### EXERCISE OBJECTIVE:
The reply should match the listing below character for character, except that no image is carried over.

____________

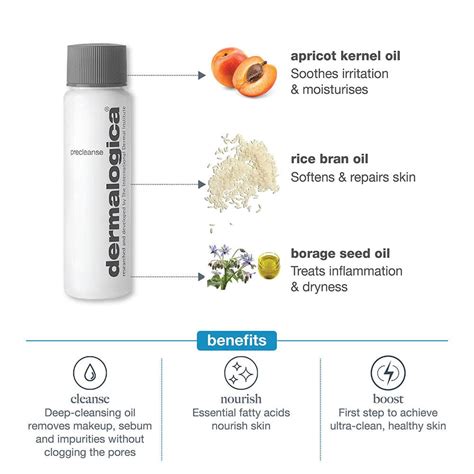 Exfoliants - Buy Face Scrubs Online at Best Prices | Dermalogica India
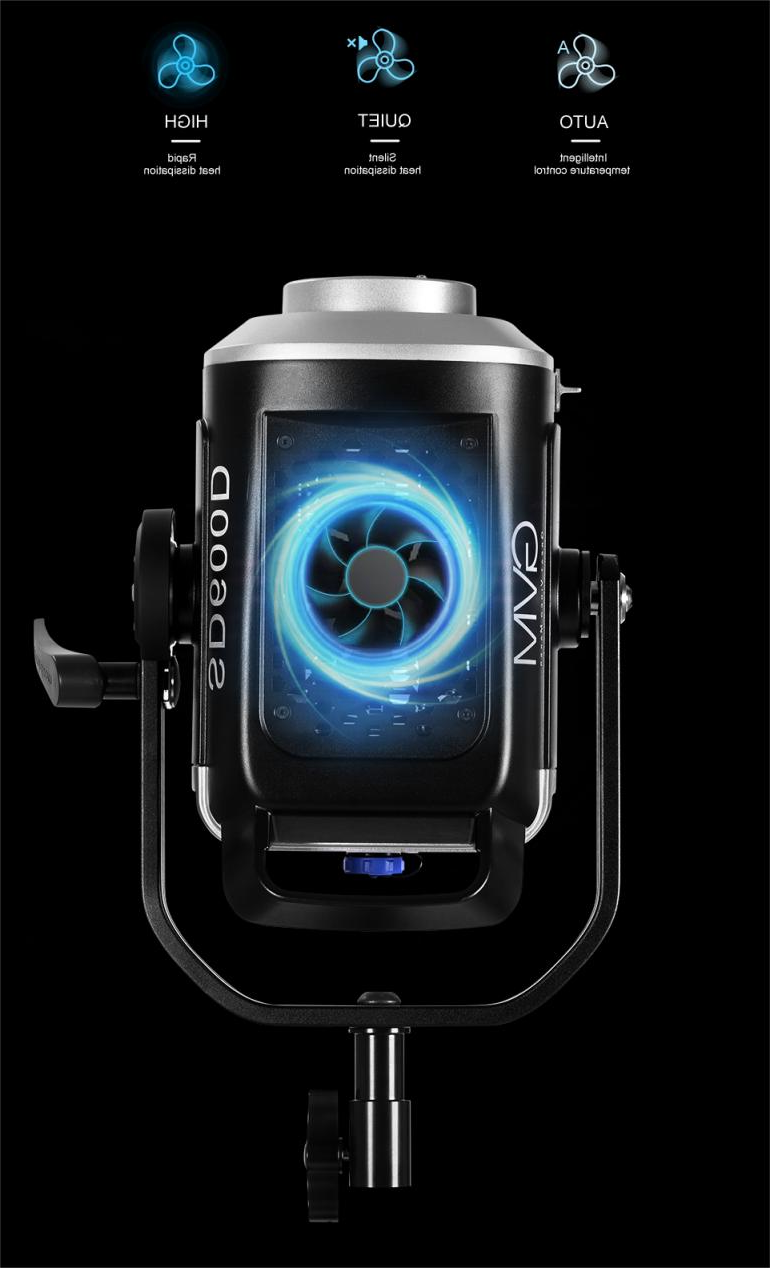 How to improve your photography with GVM LED lights 6 图片6 2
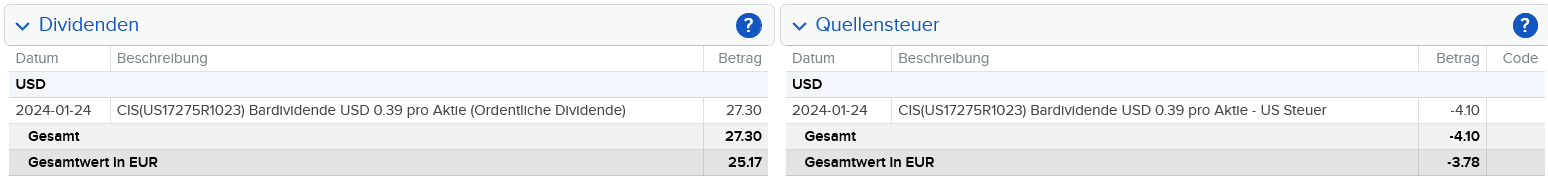 Abrechnung Cisco Dividende Januar 2024 Abrechnung Cisco Dividende Januar 2024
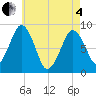 Tide chart for Deer Island South, Massachusetts on 2025/05/4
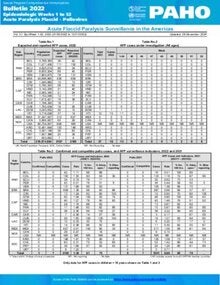 Polio Bulletin 2022 Epidemiological Weeks 1-52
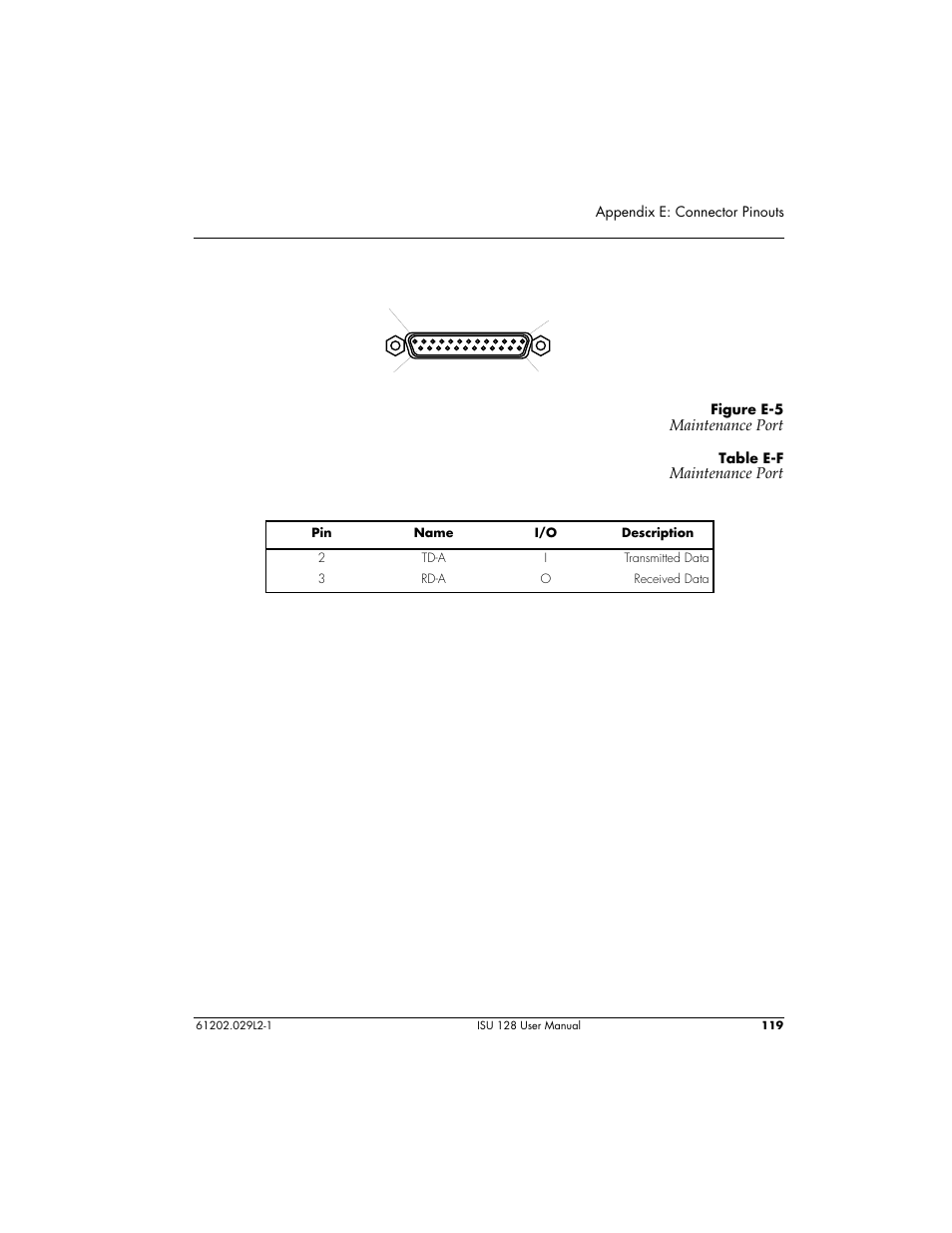 ADTRAN ISU 128 User Manual | Page 134 / 152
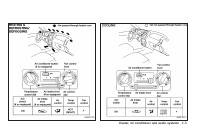 manual Nissan-Frontier 1999 pag093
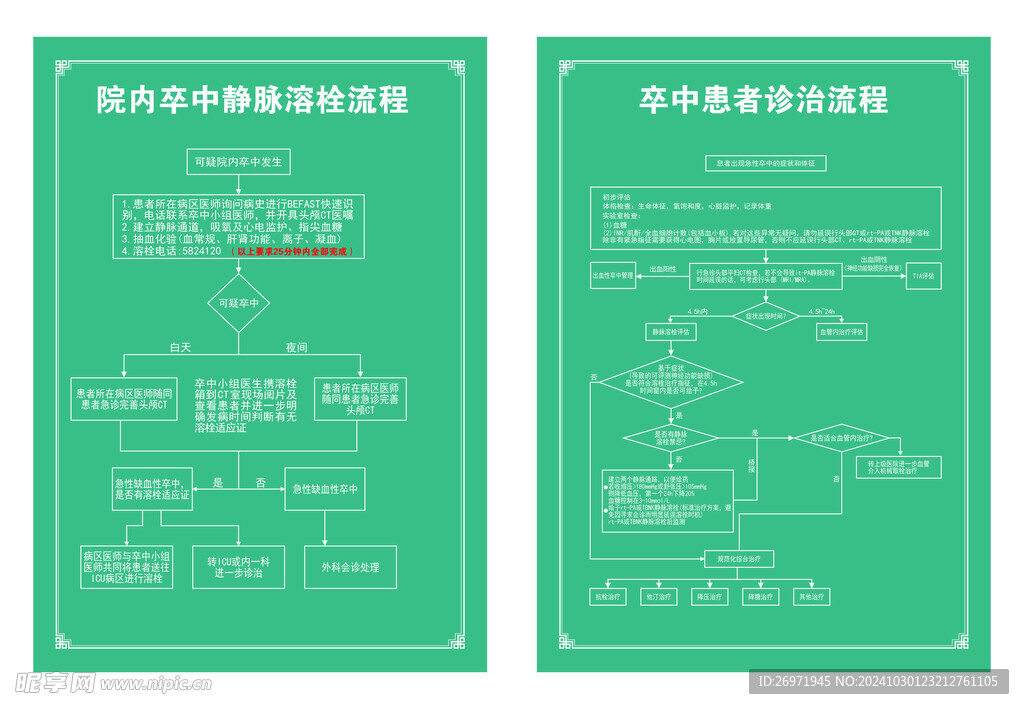 医院流程图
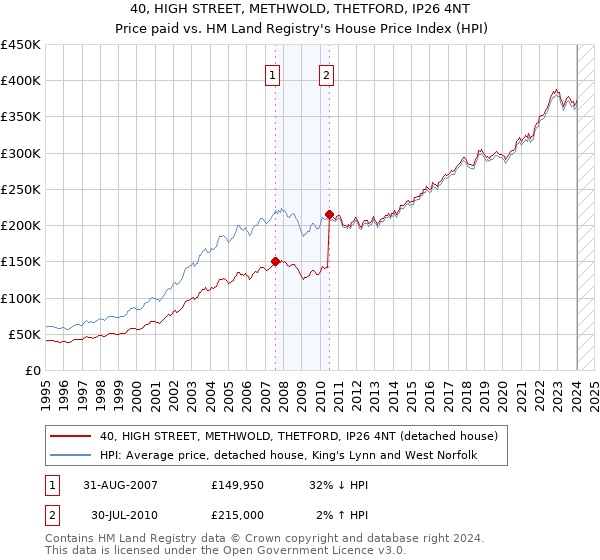 40, HIGH STREET, METHWOLD, THETFORD, IP26 4NT: Price paid vs HM Land Registry's House Price Index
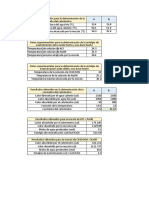 Calorimetría y entalpías de neutralización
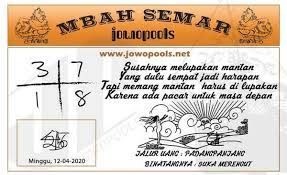 Forum Syair Hk Syair Hongkong Update Tercepat Setiap Hari Masa Depan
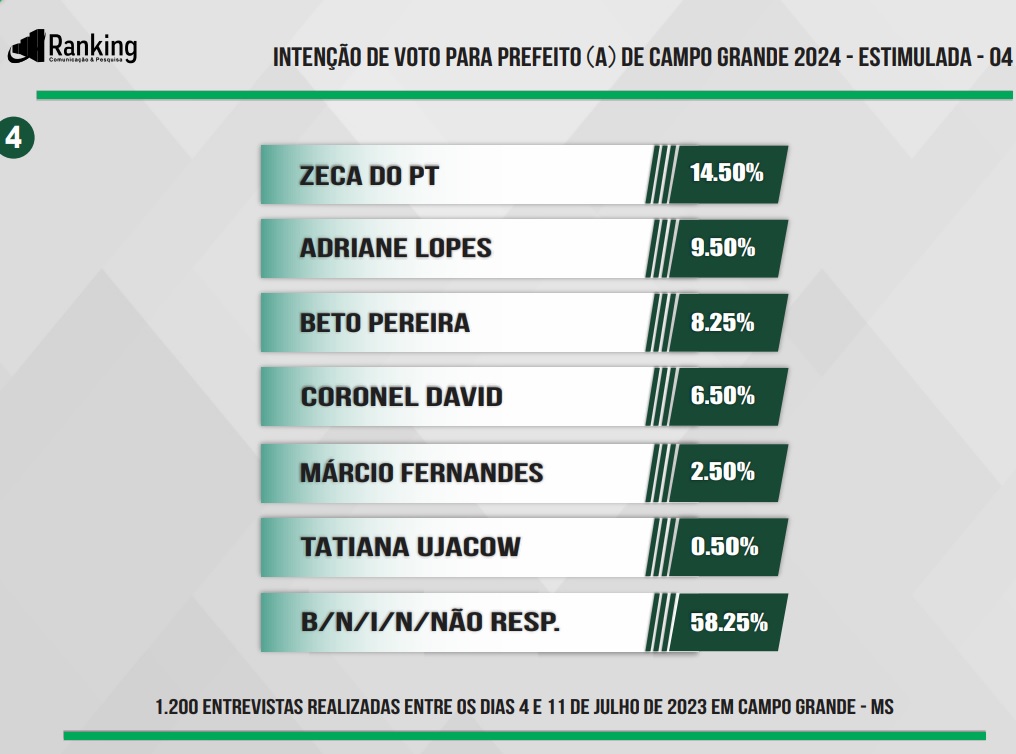 Três ex-governadores e Lucas de Lima lideram cenários para 2024 na Capital, diz Ranking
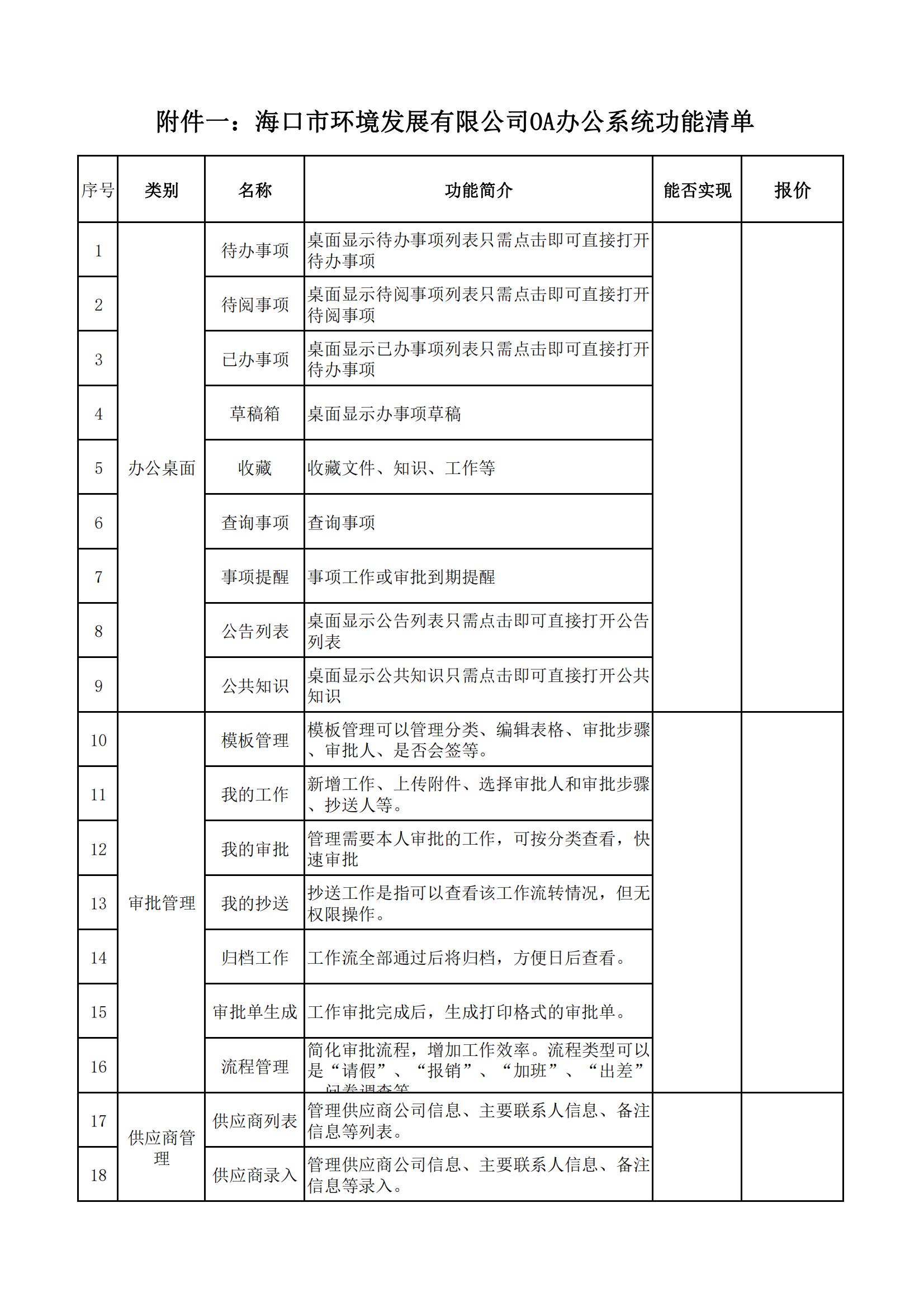 关于OA办公系统开发项目招标公告(图4)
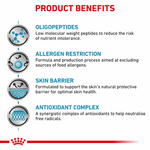 Royal Canin Anallergenic Dog Dry Food.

____________

### ANSWER SPACE:
 Exfoliants - Buy Face Scrubs Online at Best Prices | Dermalogica India
 How to improve your photography with GVM LED lights 6 图片6 2
 Abrechnung Cisco Dividende Januar 2024 Abrechnung Cisco Dividende Januar 2024
 Tide chart for Deer Island South, Massachusetts on 2025/05/4
 Polio Bulletin 2022 Epidemiological Weeks 1-52
 ADTRAN ISU 128 User Manual | Page 134 / 152
 manual Nissan-Frontier 1999 pag093
 医院流程图
 40, HIGH STREET, METHWOLD, THETFORD, IP26 4NT: Price paid vs HM Land Registry's House Price Index
 Calorimetría y entalpías de neutralización
 Forum Syair Hk Syair Hongkong Update Tercepat Setiap Hari Masa Depan
 Três ex-governadores e Lucas de Lima lideram cenários para 2024 na Capital, diz Ranking
 关于OA办公系统开发项目招标公告(图4)
 Royal Canin Anallergenic Dog Dry Food.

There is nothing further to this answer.